Notably, as shown in Fig. 3, the number of parameters in the proposed HDL module is about 20 million, which is much less than the 130 million parameters of the widely-used Bert+BiLSTM+CRF model. Thus, the forward reasoning time of HDL is much faster than the Bert+BiLSTM+CRF model, which is more suitable for online usage than the Bert+BiLSTM+CRF model.

  1. 2)

    Four-layer BiLSTM

BiLSTM is a combination of the forward directional LSTM and the backward directional LSTM. LSTM substantially alleviates the gradient disappearance of traditional Recursive Neural Network (RNN), and LSTM can effectively alleviate the long-term dependence by improving the implicit structure of traditional RNN and thus could capture more extended sequence semantics. LSTM has three gated structures, namely, the input gate, the forget gate, and the output gate.

The input gate decides to let how much new information get into the BiLSTM cell state updated from St − 1 state to St. The forget gate is a smart design in BiLSTM, which can alleviate the long-term dependence and enable the CCNER model to capture more extended context semantics. The forget gate is responsible for getting rid of some unimportant information. The characteristics of the Sigmoid function also determine the function of the forget gate: 1 is to retain all information ultimately, and vice versa. For example, in terms of predicting the next word in CCNER, the current BiLSTM cell already contains subject information, where the pronoun is picked out; and the model can capture a more extended sequence by trying to choose to forget the old subject when it captures the new subject to alleviate long-term dependency. The output gate controls the final output and will also remove some information of the cell state that does not need to be output. It maps the state information through the Tanh layer to the values between −1 and 1, and multiplies these values by the previous Sigmoid function to get the output information.

$${i}_t=\sigma \left({W}_i\bullet \left[{h}_{t-1},{X}_t\right]+{b}_i\right)$$
(1)
$${S}_t=\tanh \left({W}_S\bullet \left[{h}_{t-1},{X}_t\right]+{b}_S\right)$$
(2)
$${f}_t=\sigma \left({W}_f\bullet \left[{h}_{t-1},{X}_t\right]+{b}_f\right)$$
(3)
$${O}_t=\sigma \left({W}_0\left[{h}_{t-1},{X}_t\right]+{b}_0\right)$$
(4)
$${h}_t={O}_t\ast \mathit{\tanh}\left({S}_t\right)$$
(5)

In BiLSTM, the forward LSTM network computes the hidden state \(\overrightarrow{h_t}\) of the left context of the sentence at the word Xt, while a backward LSTM network reads the same sentence in reverse and outputs \(\overleftarrow{h_t}\) given the right context. These two vectors are concatenated to form the hidden state of a BiLSTM network, i.e., \({h}_t=\left[\overrightarrow{h_t};\overleftarrow{h_t}\right]\), which can make use of more sentence-level information. Table 2 provides an overview of the notations used in the four-layer BiLSTM module.

Table 2 Notations used in the four-layer BiLSTM module

To better capture the contextual semantic information, we need to add more neural layers to capture the context.

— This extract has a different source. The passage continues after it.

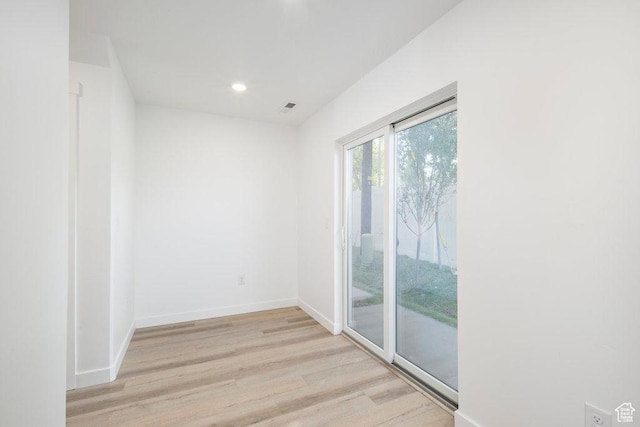 277 W 430 N Unit 1-03, Salt Lake City, UT 84103 - empty room featuring wood finished floors, recessed lighting, and baseboards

After dozens of experiments in the CCNER module for information extraction, the results show that the loss will dramatically increase when the layer number of BiLSTM is greater than 4. The dimension of the first layer is 512, which is the maximum word width of the Bert module. The dimensions of the hidden layers were usually halved layer by layer. It is tuned based on performance on the validation dataset (also called a trial-and-error approach). Moreover, the computation time increases exponentially with the increase of the parameter number. Along with the increasing layer number of the HDL model, the large-scale parameters are more likely to cause an overfitting issue. To avoid the overfitting problem, regularized Dropout layers need to be added to the BiLSTM to reduce the complexity of parameter adjustment and thereby speed up the model convergence.

  1. 3)

    Bi-layer dilated convolution

In the CCNER task, each word of a sentence is mapped into a vector. Each word will affect the accuracy of the named entity recognition task. Extracting each entity needs the analysis of contextual information. To avoid information loss in the sampling process, a bi-layer of dilated convolution is incorporated into the HDL module to capture more extensive context information of the next sentence.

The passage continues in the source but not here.